Ingredients for 2 servings:
- ½ pack smoked tofu (almond-sesame)
- 2 tbsp olive oil or sesame oil
- 1 cup basmati rice
- 3 cups water
- some salt
- 1 tsp, heaped rice seasoning mix, optional
- 2 slice(s) ginger root, approx. 2 x 3 cm in size, approx. 1.5 mm thick
- ½ small onion(s)
- 2 carrots, depending on size maybe more
- ½ zucchini
- 1 bell pepper(s), red
- 1 tbsp currants, or raisins or goji berries
- ¼ tsp chili flakes
- ½ tsp curry
- 1 ½ tbsp soy sauce, spicy
- possibly salt and pepper
Instructions
Working time approx. 20 minutes; Cooking/baking time approx. 15 minutes; Total time approx. 35 minutes
very digestible and versatile
Cut the smoked tofu into cubes. Dice the ginger and onion into very small cubes. Grate the carrots and zucchini.
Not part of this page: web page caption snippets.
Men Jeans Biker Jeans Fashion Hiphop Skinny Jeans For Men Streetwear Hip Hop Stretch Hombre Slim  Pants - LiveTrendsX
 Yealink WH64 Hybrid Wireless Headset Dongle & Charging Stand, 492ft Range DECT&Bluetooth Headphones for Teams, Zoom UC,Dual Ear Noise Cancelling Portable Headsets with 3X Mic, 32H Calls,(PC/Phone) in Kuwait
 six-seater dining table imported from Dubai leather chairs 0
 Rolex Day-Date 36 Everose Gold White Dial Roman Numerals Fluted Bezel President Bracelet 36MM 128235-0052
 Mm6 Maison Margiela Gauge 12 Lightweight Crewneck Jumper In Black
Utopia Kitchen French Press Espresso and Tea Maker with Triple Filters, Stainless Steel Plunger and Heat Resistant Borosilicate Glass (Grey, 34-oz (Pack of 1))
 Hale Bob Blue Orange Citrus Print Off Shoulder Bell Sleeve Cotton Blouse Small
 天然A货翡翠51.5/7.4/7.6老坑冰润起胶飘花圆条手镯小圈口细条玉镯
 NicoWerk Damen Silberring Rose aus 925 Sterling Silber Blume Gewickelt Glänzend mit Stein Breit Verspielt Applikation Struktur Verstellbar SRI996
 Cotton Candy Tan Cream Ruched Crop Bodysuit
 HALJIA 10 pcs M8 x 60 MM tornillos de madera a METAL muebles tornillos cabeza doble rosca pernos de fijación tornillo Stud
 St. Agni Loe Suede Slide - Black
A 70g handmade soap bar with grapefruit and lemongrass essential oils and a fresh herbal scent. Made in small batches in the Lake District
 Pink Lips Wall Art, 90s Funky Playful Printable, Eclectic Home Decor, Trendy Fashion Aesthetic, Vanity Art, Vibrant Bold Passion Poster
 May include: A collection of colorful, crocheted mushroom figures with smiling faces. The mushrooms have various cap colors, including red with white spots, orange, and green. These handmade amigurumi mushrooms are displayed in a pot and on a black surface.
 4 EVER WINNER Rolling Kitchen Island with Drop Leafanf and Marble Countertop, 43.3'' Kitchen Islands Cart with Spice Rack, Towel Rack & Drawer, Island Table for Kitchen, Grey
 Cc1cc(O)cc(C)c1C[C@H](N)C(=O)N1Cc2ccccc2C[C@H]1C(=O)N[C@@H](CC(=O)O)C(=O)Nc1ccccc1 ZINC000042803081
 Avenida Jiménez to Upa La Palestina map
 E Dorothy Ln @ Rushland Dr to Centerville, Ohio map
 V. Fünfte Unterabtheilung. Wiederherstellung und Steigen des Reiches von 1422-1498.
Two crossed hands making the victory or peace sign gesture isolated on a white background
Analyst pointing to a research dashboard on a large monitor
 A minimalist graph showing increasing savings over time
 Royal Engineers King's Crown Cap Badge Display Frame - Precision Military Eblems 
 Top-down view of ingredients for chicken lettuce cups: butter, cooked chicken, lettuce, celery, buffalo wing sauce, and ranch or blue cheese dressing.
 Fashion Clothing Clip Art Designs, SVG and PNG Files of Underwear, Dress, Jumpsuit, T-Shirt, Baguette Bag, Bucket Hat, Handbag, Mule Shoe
Cut the bell pepper into 3 mm strips, which are then cut into approximately 1 cm long pieces. Fry the smoked tofu cubes in approximately 1-1.5 tablespoons of olive oil until golden yellow and lightly crusted around the edges. Remove from the pan and set aside. Cook the basmati rice according to the instructions in 2.5 cups of water, to which a little salt and rice seasoning (if using). While the rice is simmering, add the remaining oil to the pan and sauté the onions and ginger. Then add the prepared vegetables (carrots, zucchini, bell peppers) and sauté briefly. Add the currants, chili flakes, and curry powder and stir to combine. Continue sautéing. After approximately 1-2 minutes, add the soy sauce and about 1/2 cup of water and simmer. The water will gradually evaporate. When the rice is ready, drain it and add it to the vegetable pan, along with the smoked tofu cubes. Mix briefly and serve. Season with salt and pepper if desired. Depending on the soy sauce, this may not be necessary, so taste it first. Tip: You can, of course, omit the smoked tofu. Instead, you can easily add a handful of sunflower seeds to the vegetable pan. I usually use olive oil, to which I like to add a few drops of sesame oil from roasted sesame seeds.